|All content taken from The O'Reilly Factor on Fox News Channel. Each weeknight by 6 PM EST a preview of that evening's show will be posted and then updated with additional information the following weekday by noon EST.
|Guests: Kate Obenshain & Kirsten Powers|
"22-year-old Australian baseball player Christopher Lane was shot dead in Oklahoma last Friday for no reason at all. He was out jogging when three teenage thugs allegedly murdered him. Based upon known evidence, 15-year-old James Edwards could be the instigator - information on social media indicates that he could be affiliated with the Crips gang and he posed on a website holding a rifle. Police say Edwards was dancing and joking after he was arrested.
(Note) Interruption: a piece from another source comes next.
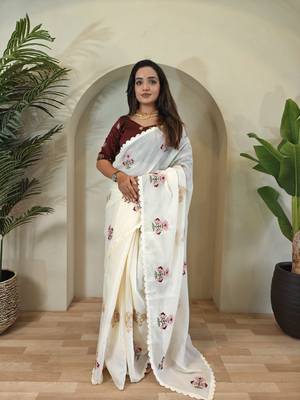 white kota doriya Saree with self weaving 3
The civil rights industry has been largely silent, with some liberals blaming America's lack of gun control. Talking Points believes there is a destructive culture in this country; it is apparent that the three boys have no regard for human life, but they have plenty of regard for social media, rap, and Xbox. There will come a point when honest people will begin to see this problem for what it is - a cultural collapse among some very distinct groups. A violent subculture is now in place, fueled by derelict parents, a barbaric media, and apathy on the part of many politicians. Until we acknowledge the source of the chaos, we will not be able to solve the problem."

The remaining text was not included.